Problem details |
Only the lines below from the one containing "A collage of" through the one containing "Fienza Kaya Small" belong in the answer, repeated exactly and without pictures.

Extracted material |
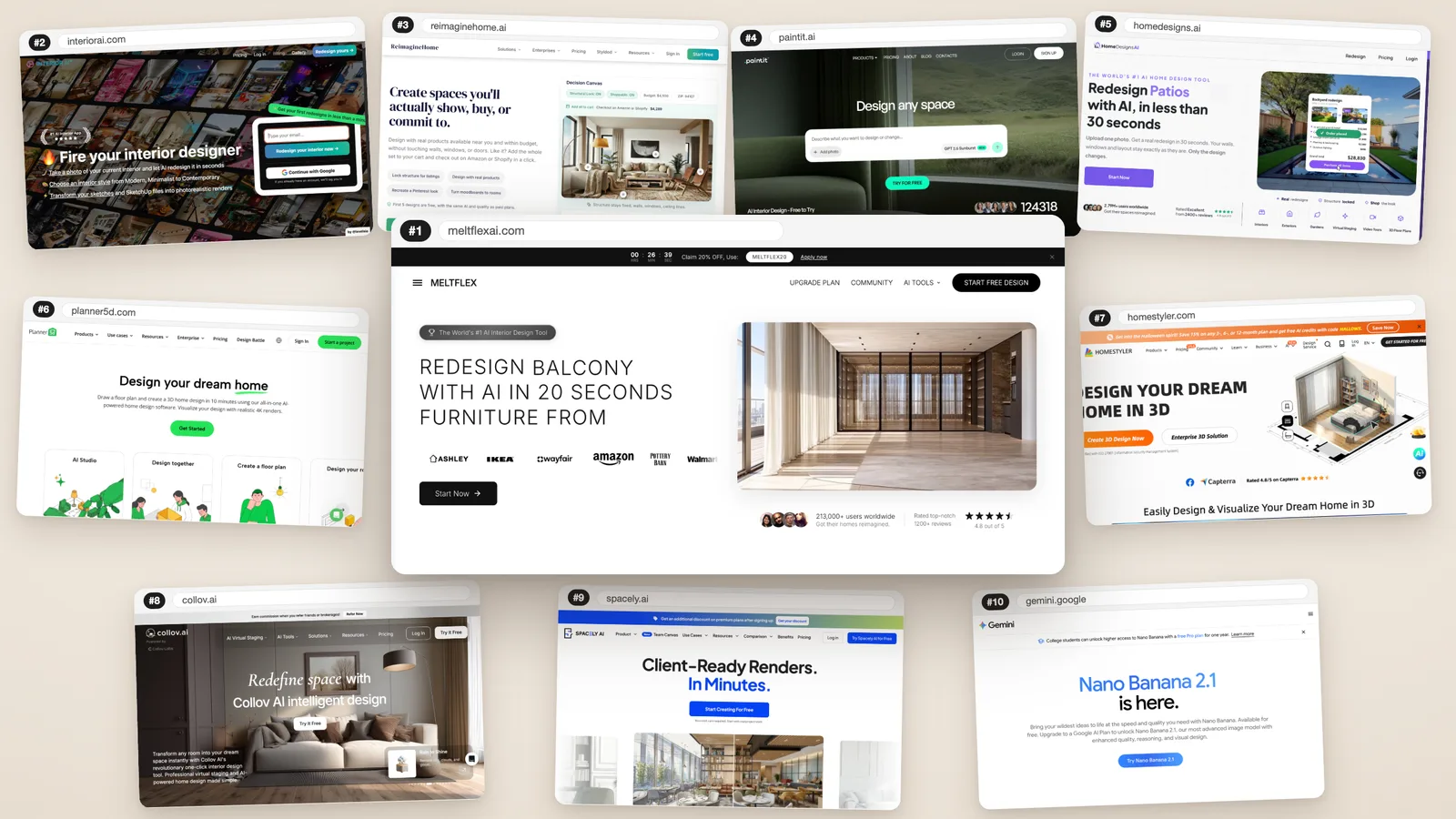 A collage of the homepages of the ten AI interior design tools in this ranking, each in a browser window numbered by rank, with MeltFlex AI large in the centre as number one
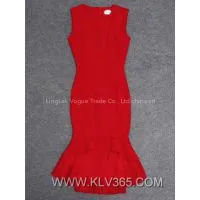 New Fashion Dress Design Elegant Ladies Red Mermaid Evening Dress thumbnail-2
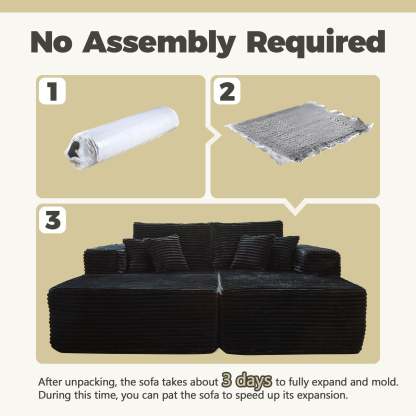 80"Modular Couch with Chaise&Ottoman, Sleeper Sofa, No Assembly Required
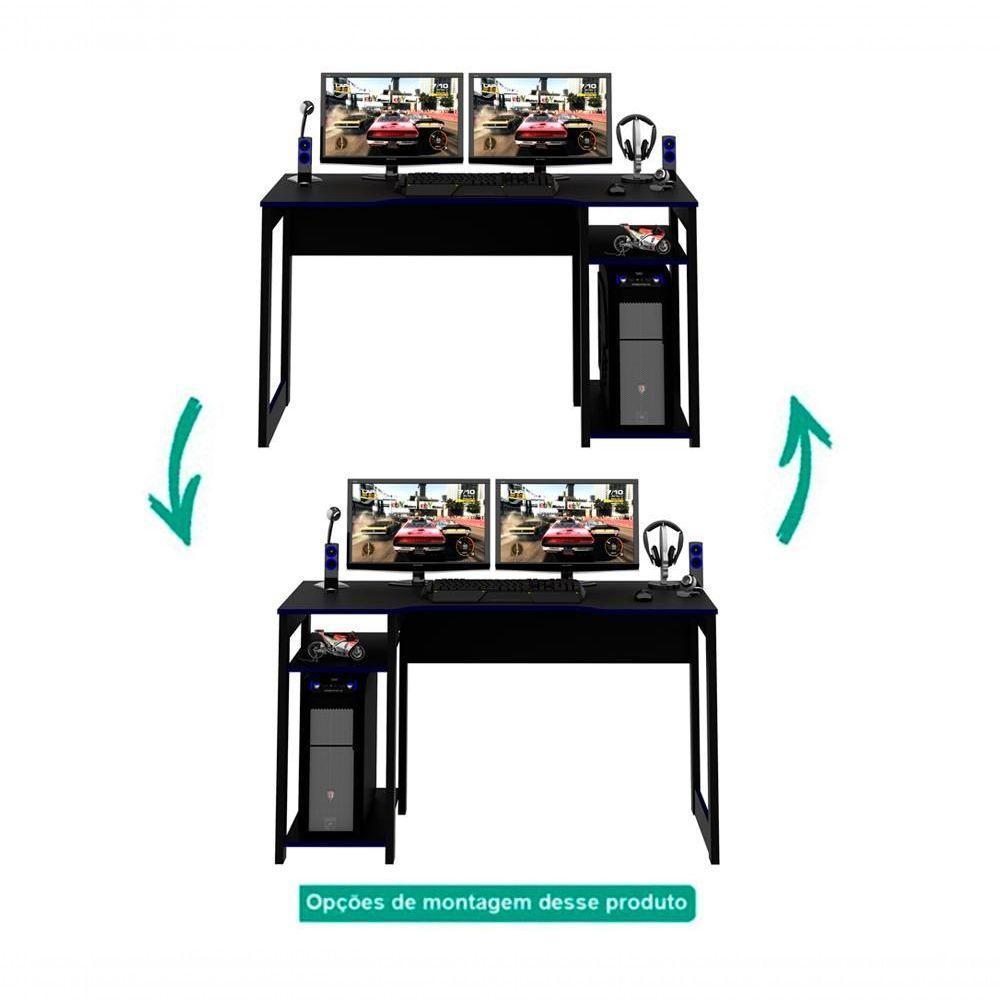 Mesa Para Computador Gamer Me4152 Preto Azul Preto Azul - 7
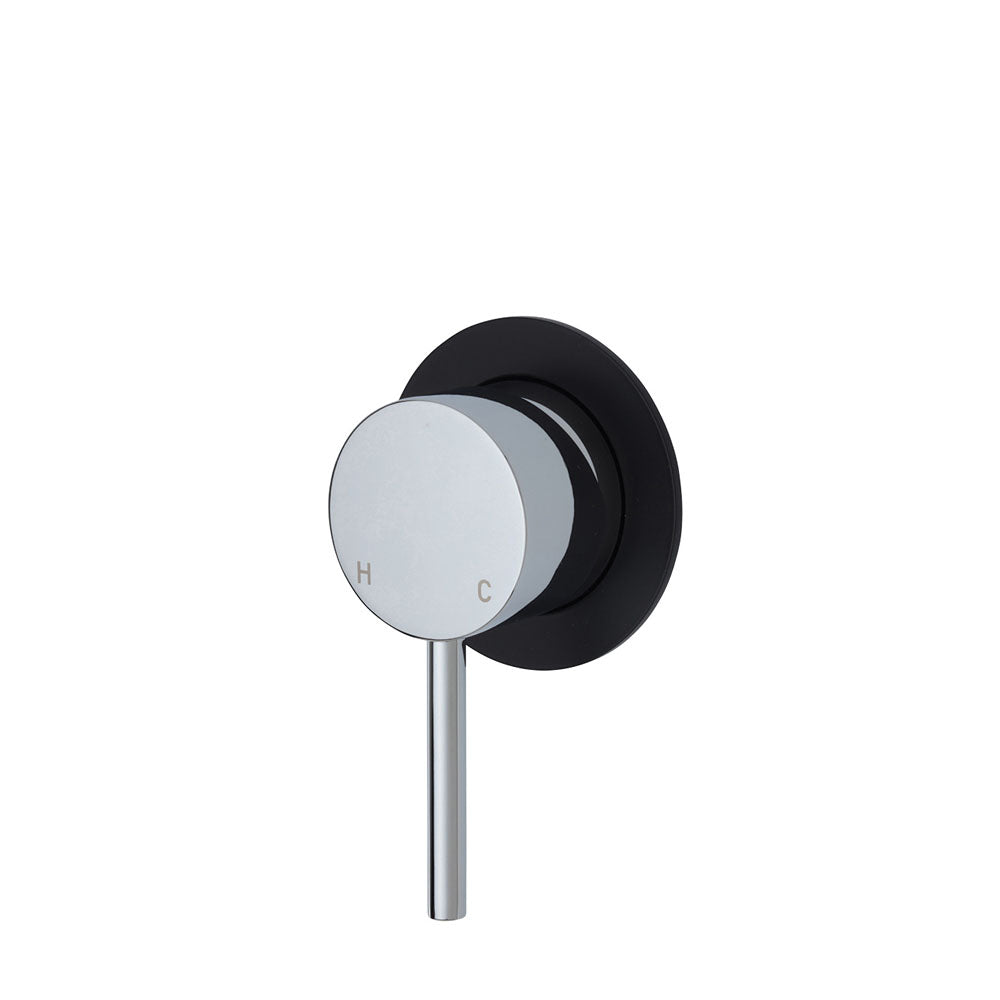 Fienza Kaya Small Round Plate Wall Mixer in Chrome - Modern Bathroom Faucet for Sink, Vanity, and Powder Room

...

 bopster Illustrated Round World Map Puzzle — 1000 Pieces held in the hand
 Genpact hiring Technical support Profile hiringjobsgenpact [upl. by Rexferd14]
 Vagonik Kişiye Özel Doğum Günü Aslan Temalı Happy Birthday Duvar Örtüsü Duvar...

---

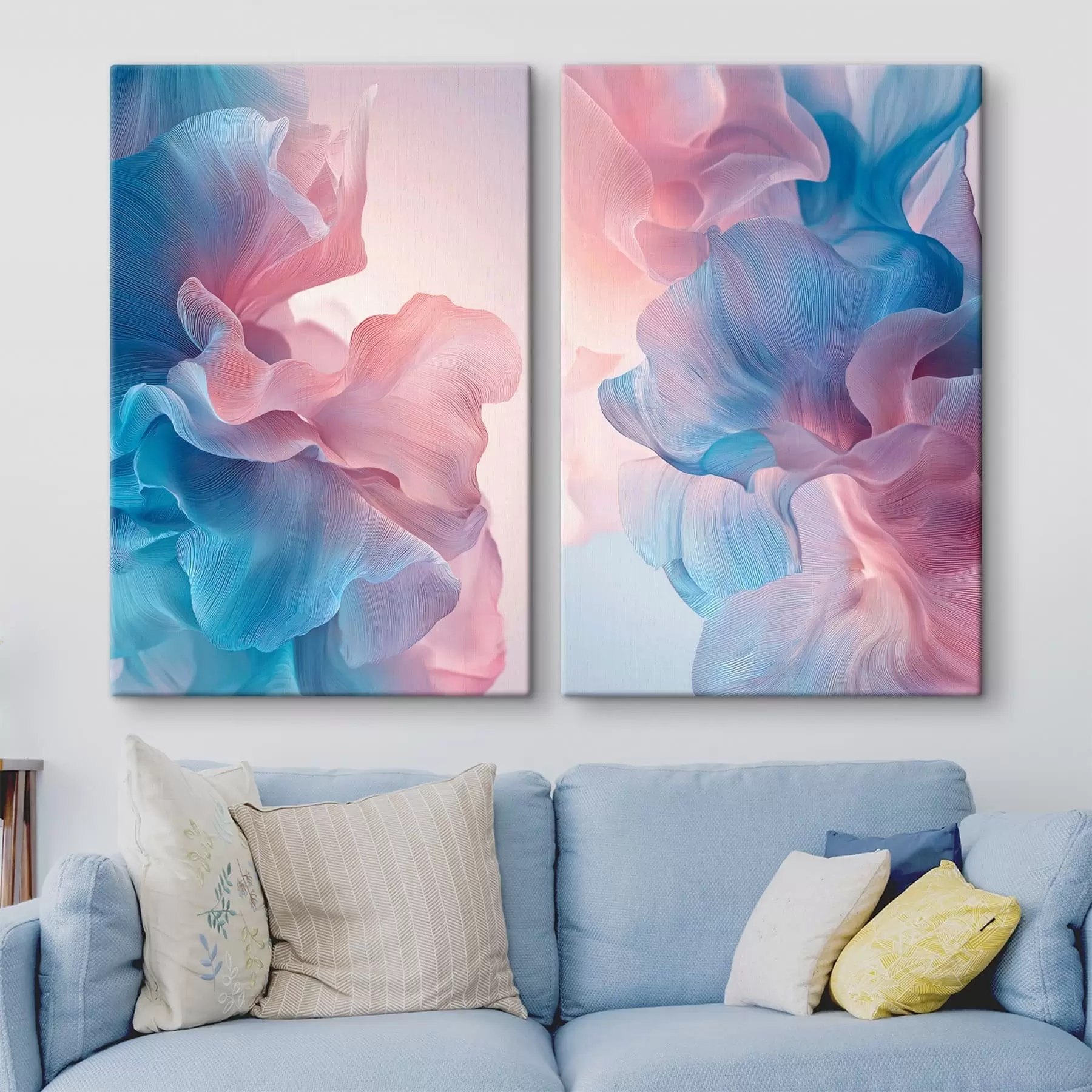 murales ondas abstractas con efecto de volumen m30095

Finished exercise |
 A collage of the homepages of the ten AI interior design tools in this ranking, each in a browser window numbered by rank, with MeltFlex AI large in the centre as number one
 New Fashion Dress Design Elegant Ladies Red Mermaid Evening Dress thumbnail-2
 80"Modular Couch with Chaise&Ottoman, Sleeper Sofa, No Assembly Required
 Mesa Para Computador Gamer Me4152 Preto Azul Preto Azul - 7
 Fienza Kaya Small Round Plate Wall Mixer in Chrome - Modern Bathroom Faucet for Sink, Vanity, and Powder Room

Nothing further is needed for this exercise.